Thanks for you input.


----------



## DAT510 (Sep 14, 2017)

Rotary Broach is one way.






Here's a previous H-M thread.  http://www.hobby-machinist.com/threads/shop-made-rotary-broach-down-and-dirty.48805/

You can also buy kits or pre-made rotary broaches.


----------



## Dave Paine (Sep 14, 2017)

Consider making a hole for a 6 sided socket to be epoxied in place then machined as needed.


----------



## ddickey (Sep 14, 2017)

You'd have to buy or make your own rotary broach.


----------



## Wreck™Wreck (Sep 14, 2017)

A rotary broach is an option if the quantity of parts is sufficient, if not mill it, this approach works well if you are not constrained by corner dimensions.

I suspect that there are few hobbyists that own a machine that has the power to push a rotary broach to good effect.


----------



## cascao (Sep 14, 2017)

Make the wheel with a bigger round role and press a allen head bolt into it. (Maybe it need to be done with set screws since it hex is deeper)
Or
Make the wheel with a round role and press a allen wrench segment thought it broaching the hex.( since aluminium isnt that strong)


----------



## Superburban (Sep 14, 2017)

A dremel, small file, and an exacto knife?

A drill press, or careful with a hand drill, you could drill out the corners, then drill/ file/chisel out the center.
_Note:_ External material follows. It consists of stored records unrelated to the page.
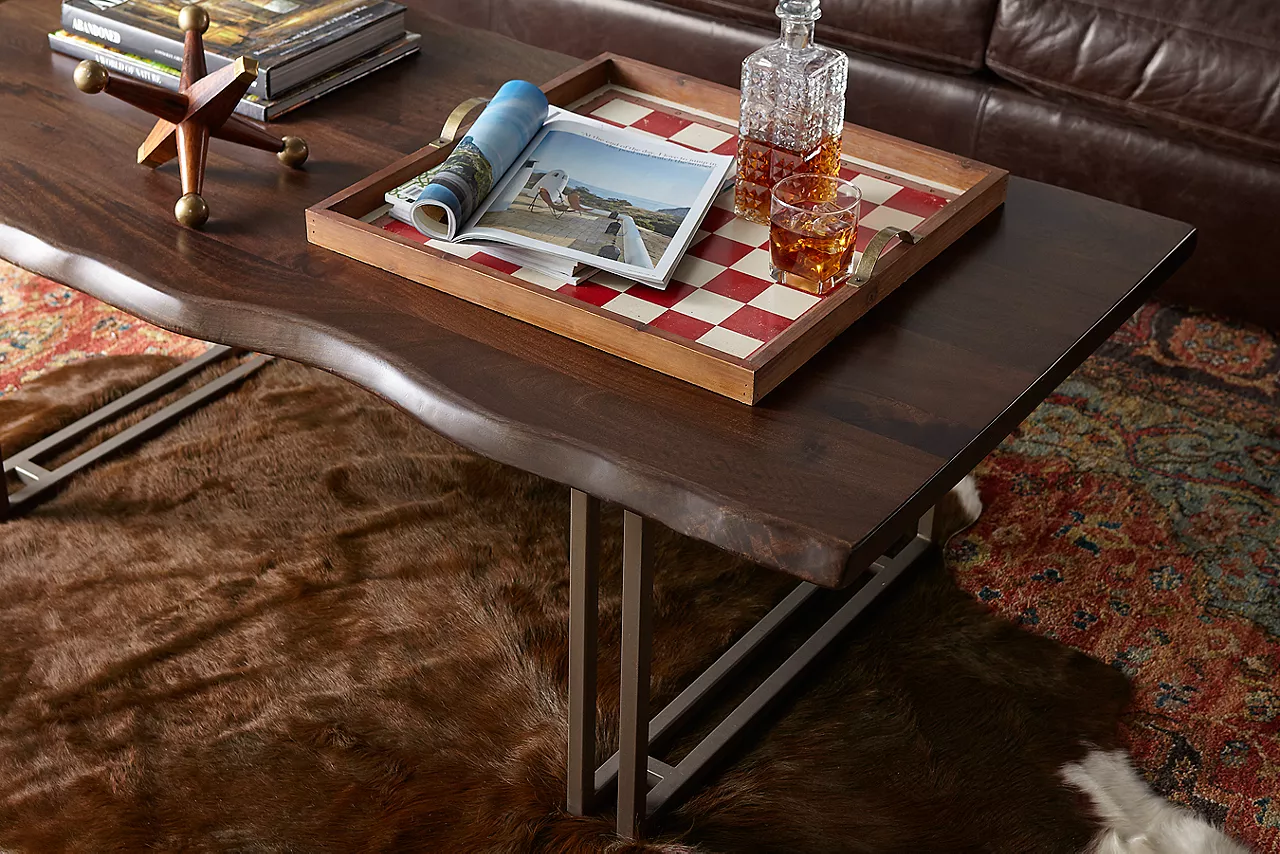 Coffee Table with drink and decanter in a checkboard tray and books and a metal Jack on top.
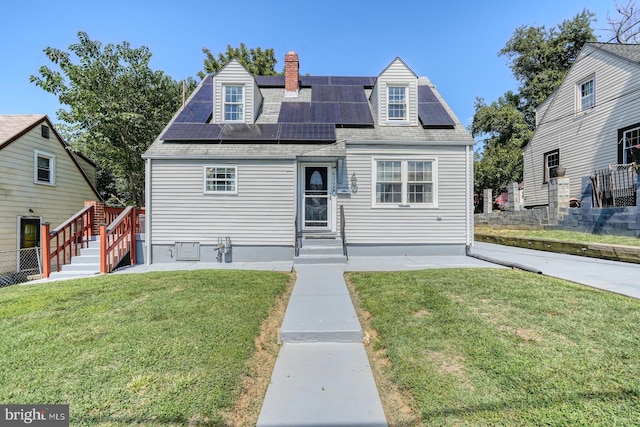 cape cod house with solar panels and a front lawn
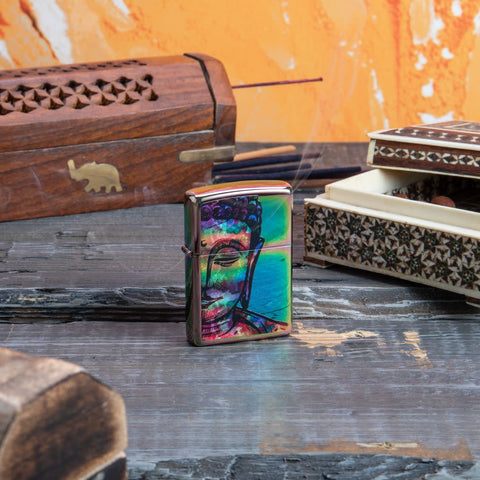 Lifestyle image of Bright Buddha Design Multi Color Windproof Lighter with incense in the background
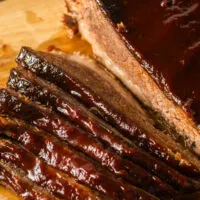 top view of sliced brisket on cutting board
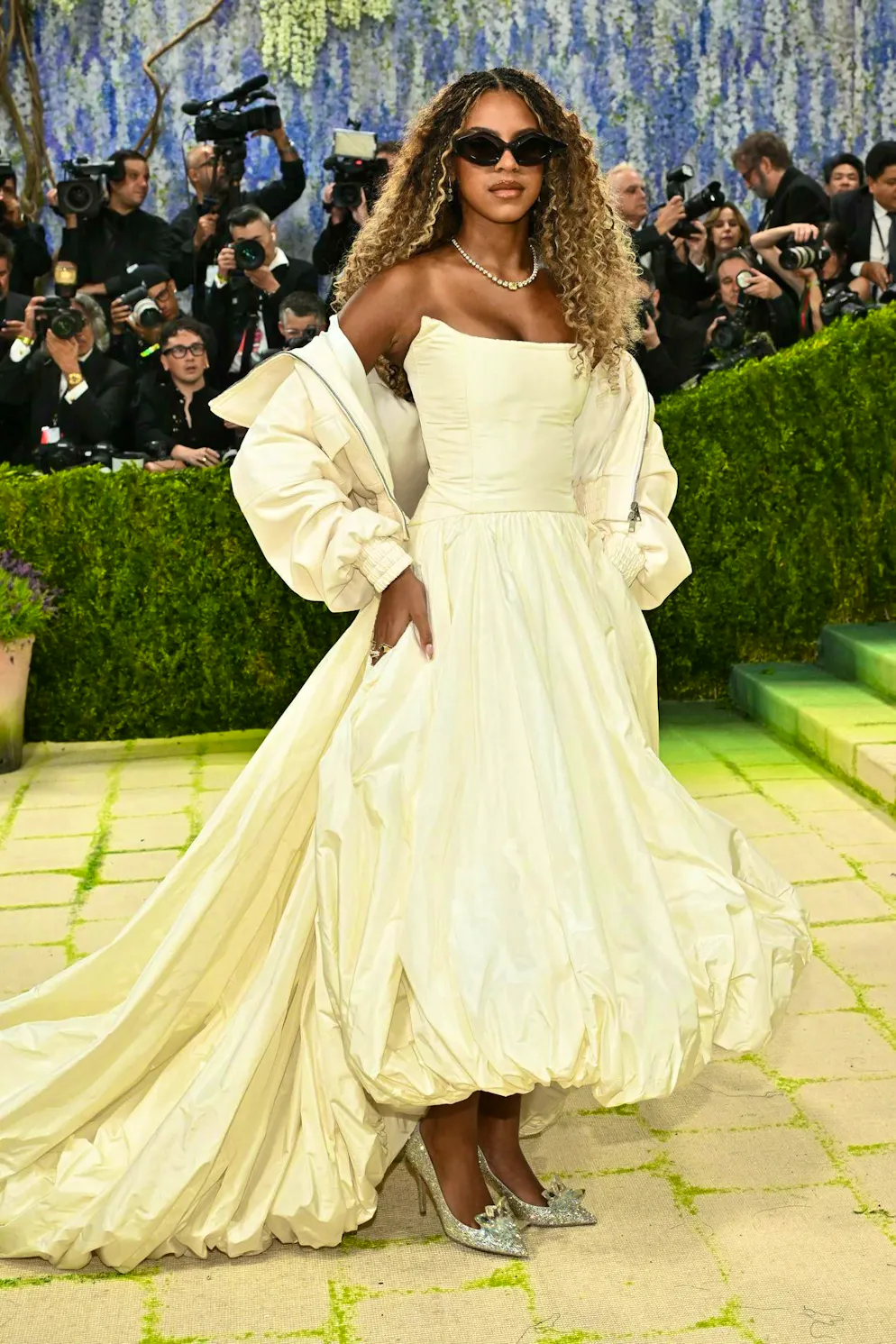 MET Gala - les looks du tapis rouge. Blue Ivy Carter fait exception à l’excentricité ambiante et opte pour un look nettement plus portable : elle porte la jupe ballon tendance en version midi, assortie d’un manteau coordonné, le tout dans un doux jaune pastel. Elle complète la tenue avec des chaussures scintillantes, des ondulations naturelles et des lunettes de soleil. Un look qui évoque davantage un quotidien stylé qu’un costume de scène.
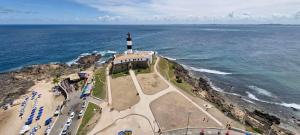an aerial view of a lighthouse on the ocean at COBAR0108 - Edifício Oceania in Salvador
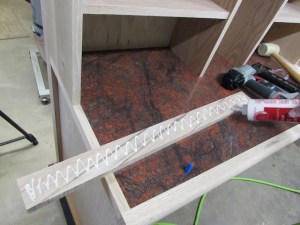 Applying glue to the back of the trim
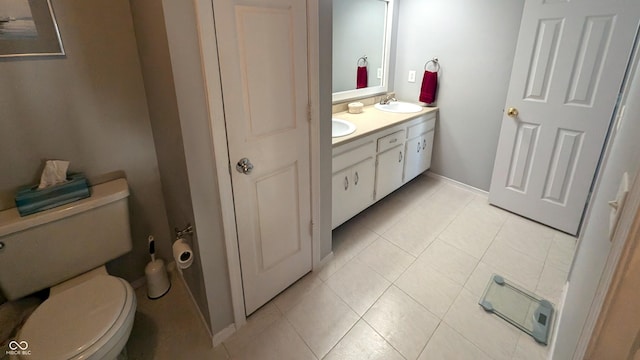 bathroom featuring tile patterned floors, vanity, and toilet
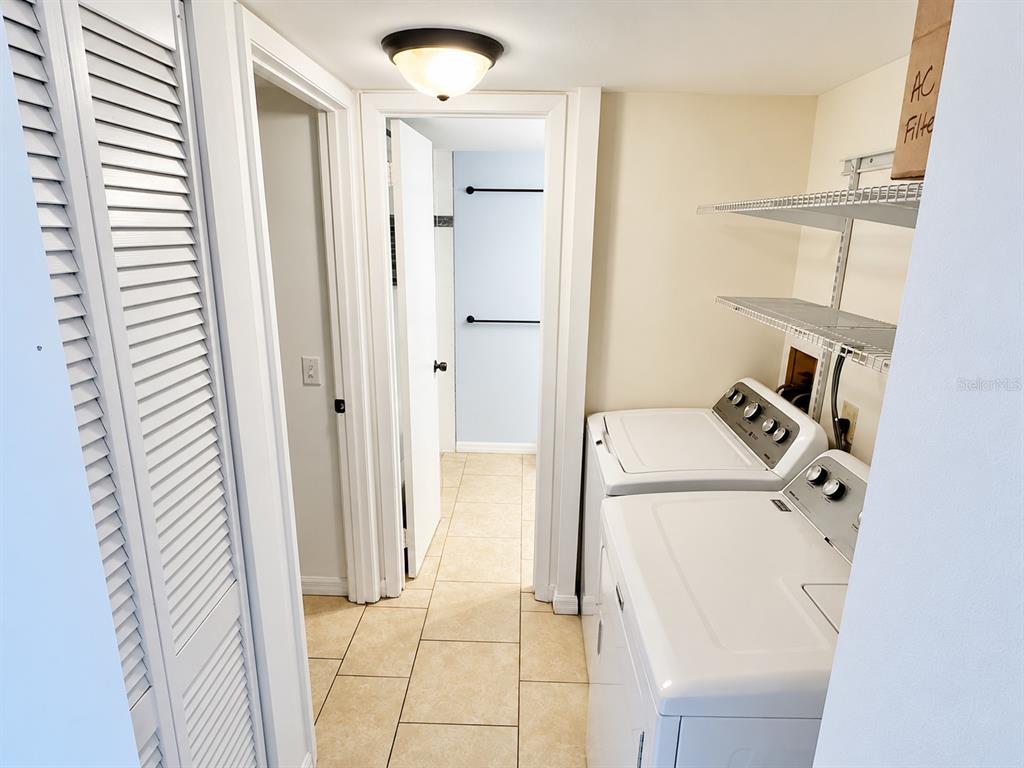 A laundry room features white appliances, wire shelving, and light-colored tile flooring — 1068 LOTUS PARKWAY UNIT 815, ALTAMONTE SPRINGS, FL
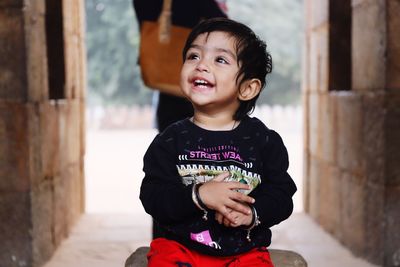 Smiling girl looking away while sitting in corridor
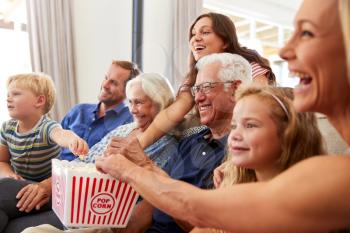 Multi-Generation Family Sitting On Sofa At Home Eating Popcorn And Watching Movie Together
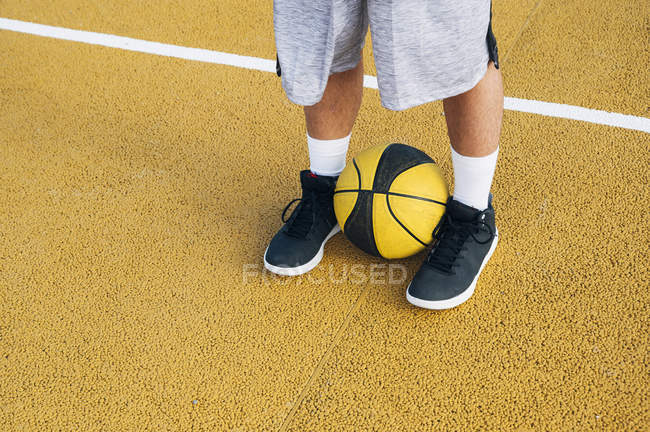 Piernas de joven jugando con pelota en cancha de baloncesto al aire libre . - foto de stock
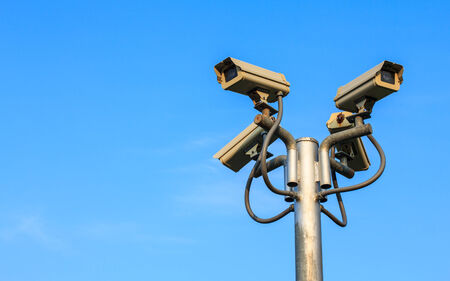 Four ways, CCTV on Post with plain sky background.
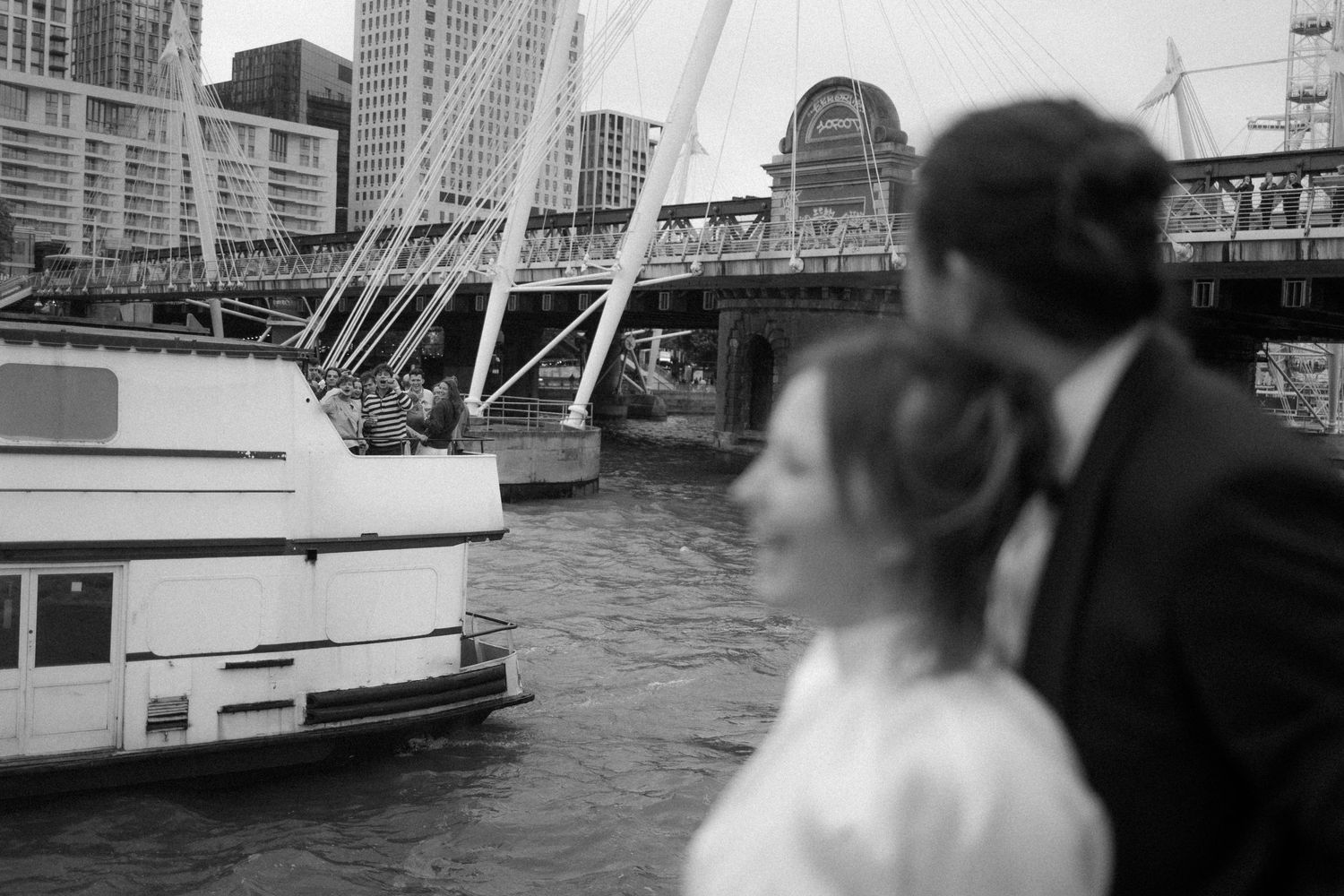 Black and white photo of a couple in wedding attire by a river with a boat and bridge in the background.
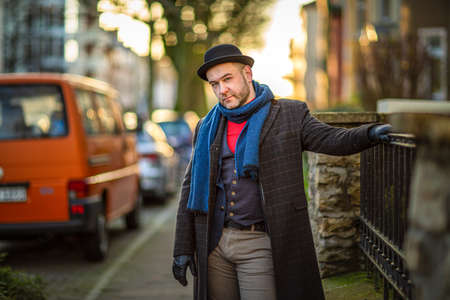 English style. A man walking through the streets of the city. Evening walk. Portraits of people.の写真素材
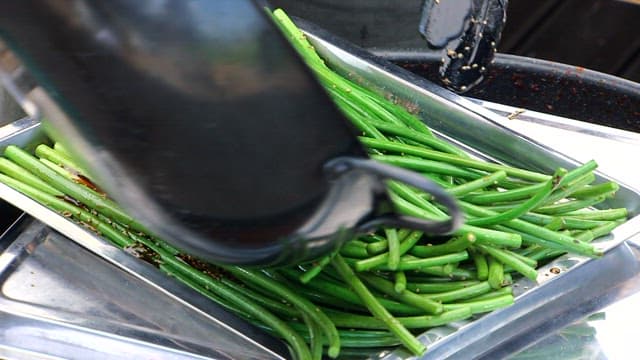 Stir-fried garlic stems seasoned with soy sauce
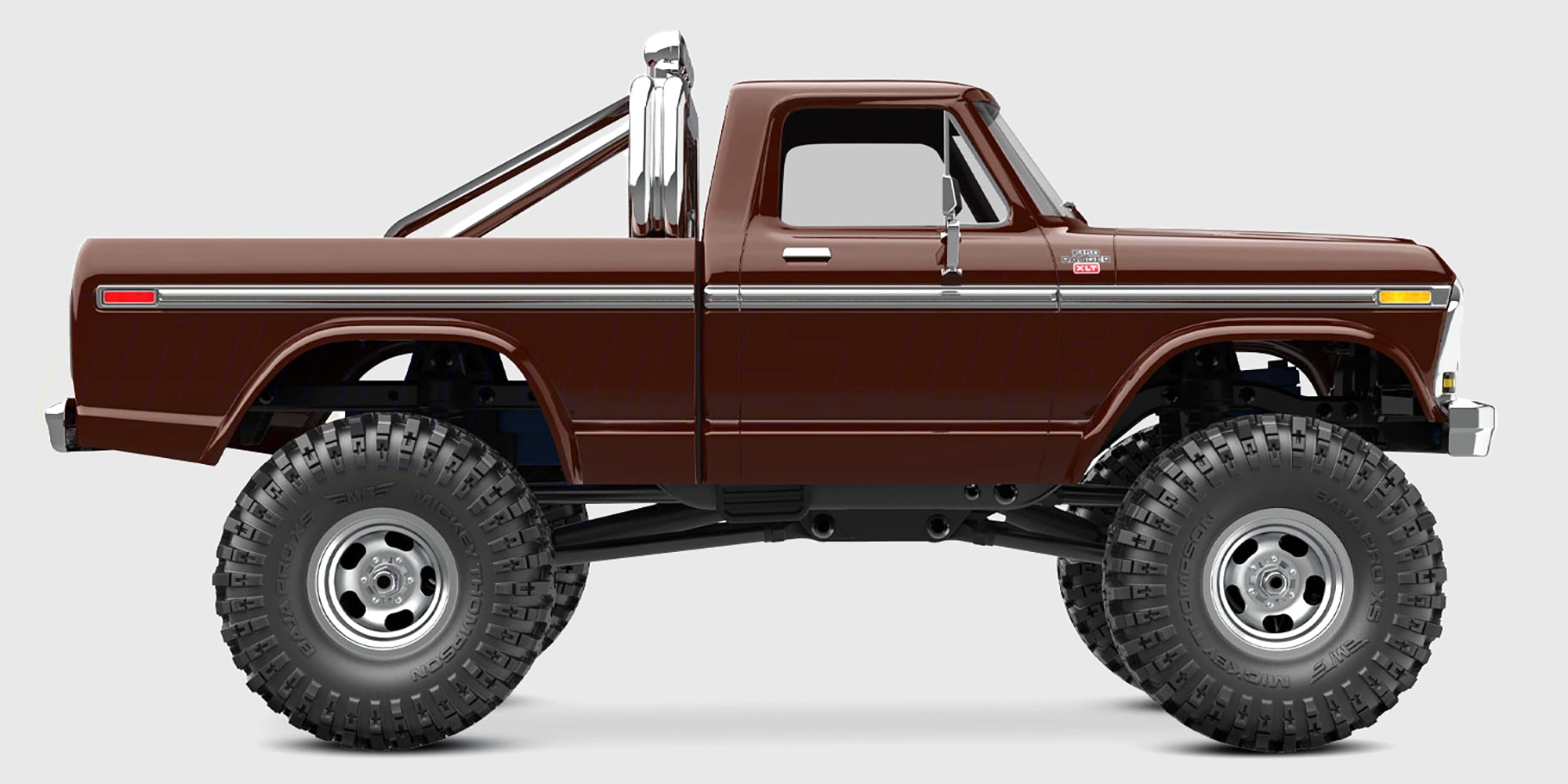 Sort Traxxas TRX-4M Ford F-150 High Trail Edition fjernstyret bil i terræn set fra siden.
Search out some premade inserts?












Its a matter of inventorying your skills, time, patience, and tools.


----------



## ddickey (Sep 14, 2017)

Convert the spindle the a square head. That would be much easier to mill.


----------



## dave2176 (Sep 14, 2017)

Consider a 6 point socket from Snap-on. The points are rounded out so the load on the bolt is placed a few degrees from the point. Superburban's photo illustrates this beautifully.


----------



## mmcmdl (Sep 14, 2017)

Rough an undersized hole with a FB endmill , find the coordinates of the corners and send the smallest end mill do finish depth and then simply mill in an indexer . Your corners will be undercut for the sharp corners on the male hub .


----------



## RandyM (Sep 15, 2017)

Here is a place that has Hex Hole Bushings.

Machine Tool Sleeves


----------



## Reeltor (Sep 15, 2017)

Randy, thanks for the link to the tool sleeve supplier


----------



## francist (Sep 15, 2017)

I remember quite some time ago Tom Lipton put up a video where he made some small broachess from HSS tool bits. Used his mill to press the broach through aluminum -- worked pretty good. The broach itself wasn't a typical stepped affair with lots of teeth, but just a single cutting end that had a slightly concave grind to it.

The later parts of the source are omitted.